Jaeger sees the process as involving two rights – “on the one hand, the right of the people to initiate measures” and “on the other hand, the right of the rest of the people to know that the signatures were legitimately secured.”
The 2013 Legislature will certainly be looking at the initiative and referral process with these rights in mind.
One option could be registration of petition carriers to guarantee that they are legally qualified. Also, because most of the violators have been younger people, circulators need to be trained and required to sign a statement that they have read the basic rules of petition circulation.

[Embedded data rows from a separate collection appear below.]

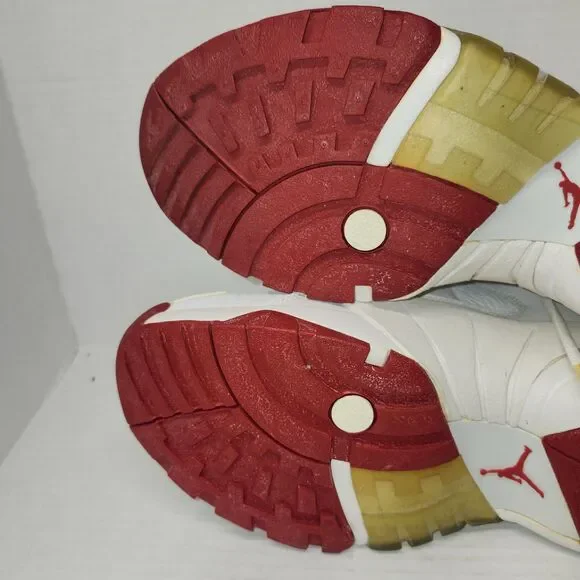 2004 Nike Air Jordan Derek Jeter Sneakers/Shoes Men's Size 8 - VERY RARE - Picture 12 of 13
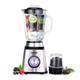 2-In-1 LED Jug Blender With Coffee Grinder 1.5L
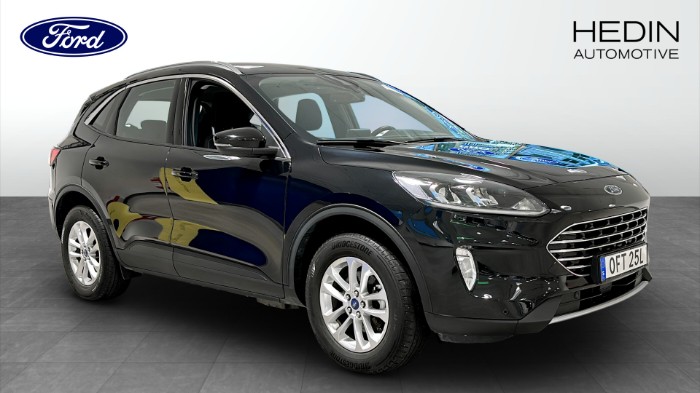 Titanium 2.5 PHEV 225HK Vinterpaket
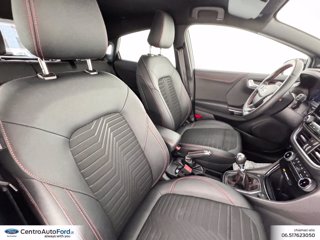 FORD Puma 1.0 ecoboost h st-line x s&s 125cv 6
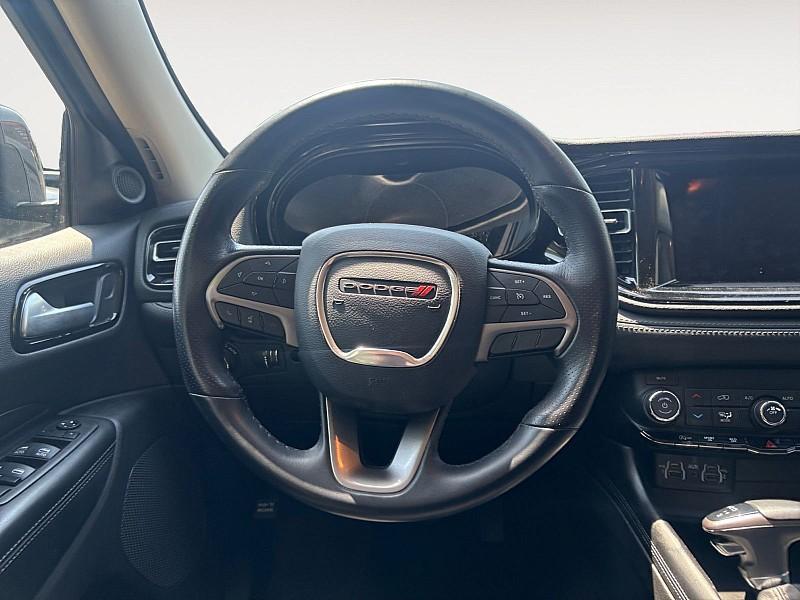 used 2021 Dodge Durango car, priced at $25,999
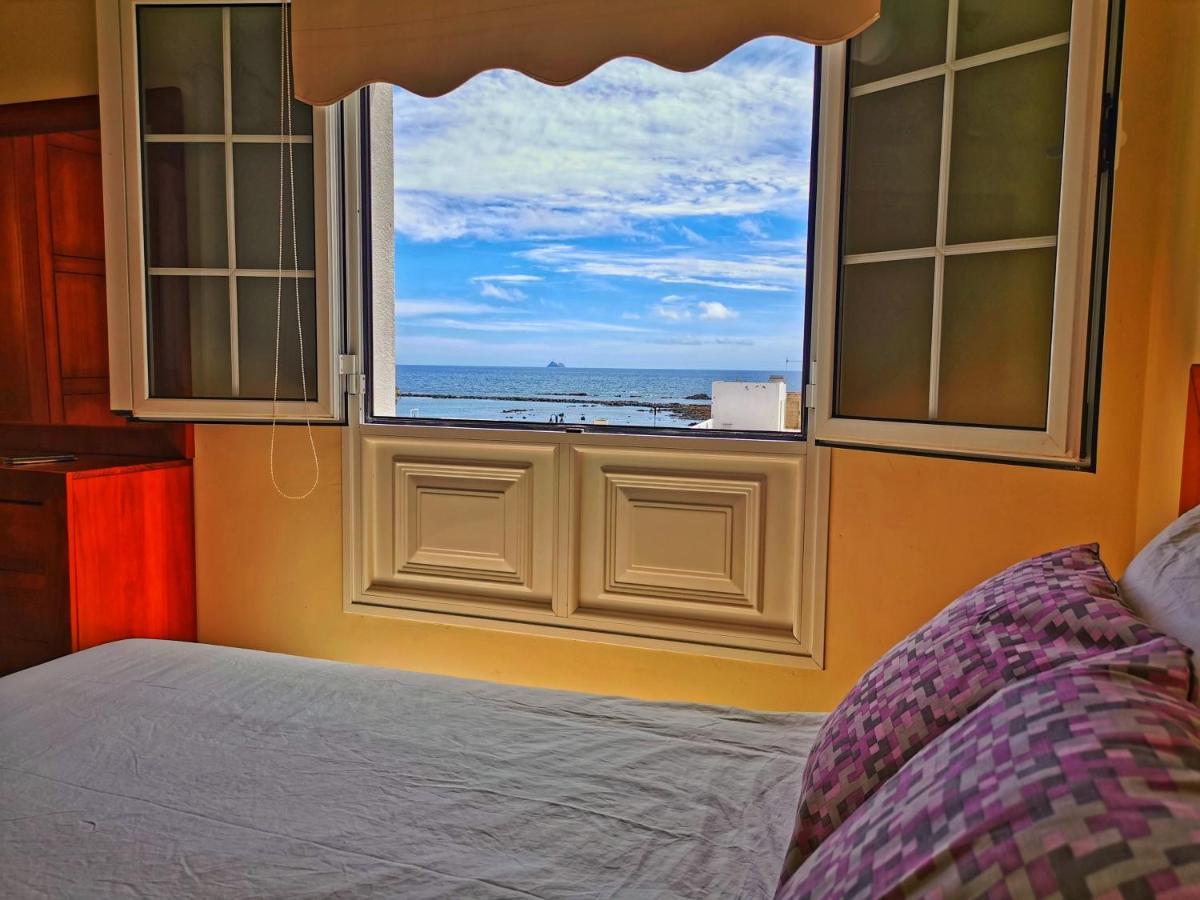 Apartamentos Brito Orzola Exterior foto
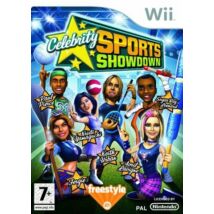 Celebrity Sports Showdown Wii (használt)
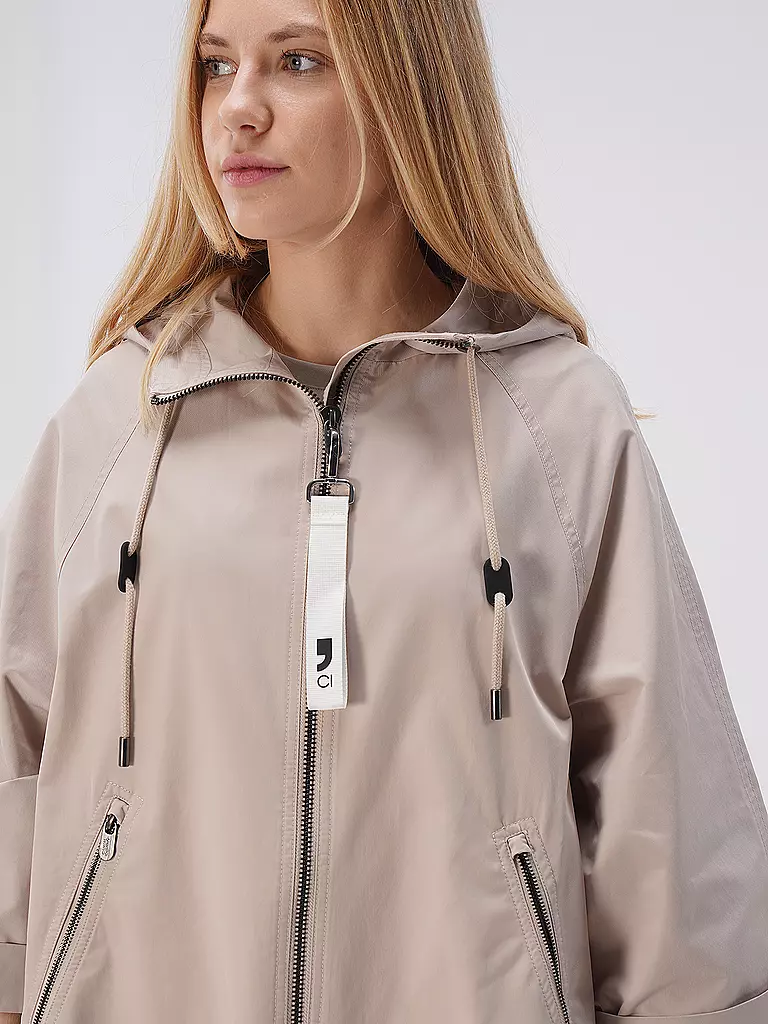 COMMA IDENTITY | Parka | beige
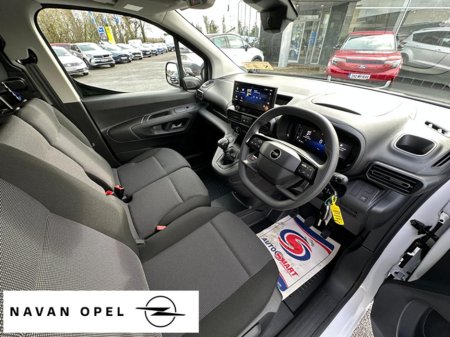 2027 Opel Combo - photo 10
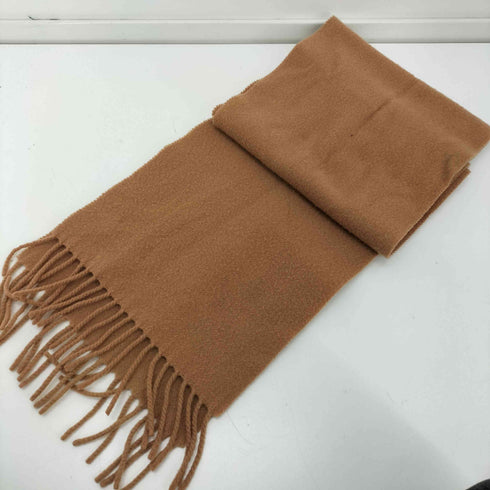 ヴィヴィアンウエストウッド Vivienne Westwood オーブ刺繍 ウールマフラー レディース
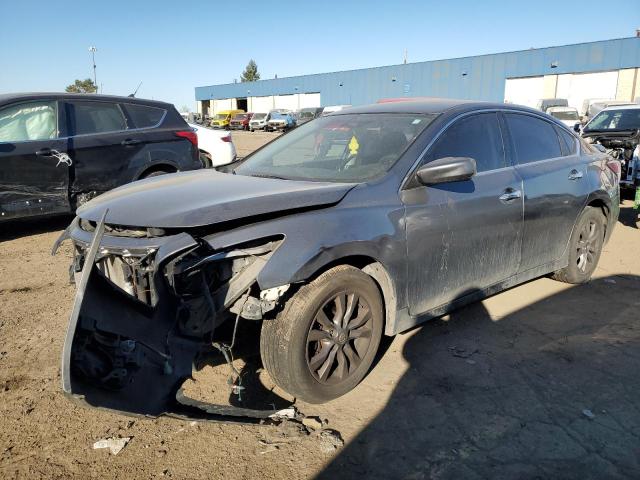 NISSAN ALTIMA 2.5 2015 with VIN 1N4AL3AP2FC461125 - Photo from auction
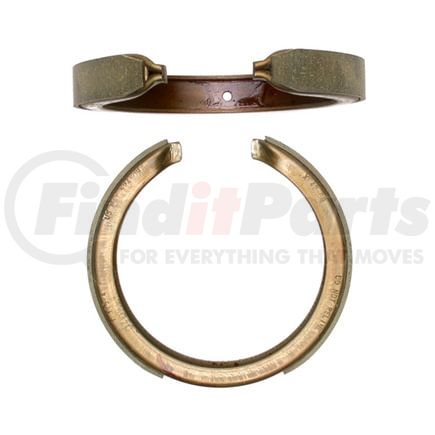 Raybestos 770SG Parking Brake Shoe Raybestos Service Grade Organic Parking Brake Shoe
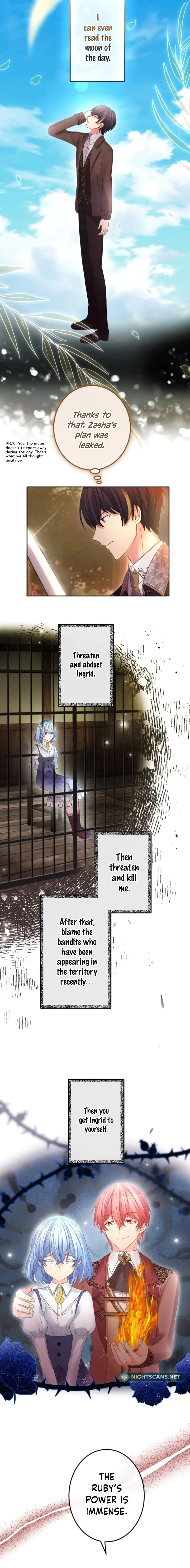 The Gem Girl Decided Not to Cry Chapter 48 page 7 -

All of the major cases – 1960s, 1994 and 2012 – involved payment to the circulators for collecting signatures. Since the love of money is the root of all evil, payment for signatures led to shortcuts and quotas that, in turn, encouraged fraud.
In recent years, we have seen an increase in the number of out-of-state interests promoting and financing state initiatives. It may take tighter regulation of out-of-state promoters if the practice is going to become a growing industry.
The adoption of the initiative and referendum was based on the idea of citizen involvement, with folks carrying petitions for causes in which they personally believed. Payment for signatures and out-of-state sponsorship certainly dilute this philosophy.
Some legislators think that reclassifying the crime from a misdemeanor to a felony would emphasize the seriousness of contaminating the initiative and referendum.
Historically, the maximum punishment for a misdemeanor – up to one year in jail and a $2,000 fine – has never been imposed on violators. So we don’t seem to need the increased penalties of a felony. Even so, there are other persuasive arguments for changing the crime to a felony.
Jaeger argues that if the crime were a felony, the sponsoring committees “would be more likely to instruct and train circulators about the need to get it right.”
“The integrity of the election process is based on following the law,” Jaeger argues, “and that is why it might be worth having it raised to a felony.”
I would add one more point. If the violation were a felony, the threat of rendition (bringing fugitive violators back from outside of North Dakota) would become more real. With so many out-of-state interests and temporary residents involved, the availability of rendition would give enforcement real clout.
While securing the integrity of the initiative and referendum, however, we need to guard against making the process too cumbersome. As Thomas Jefferson once said: “The hole and the patch must be commensurate.” And who can argue with Jefferson?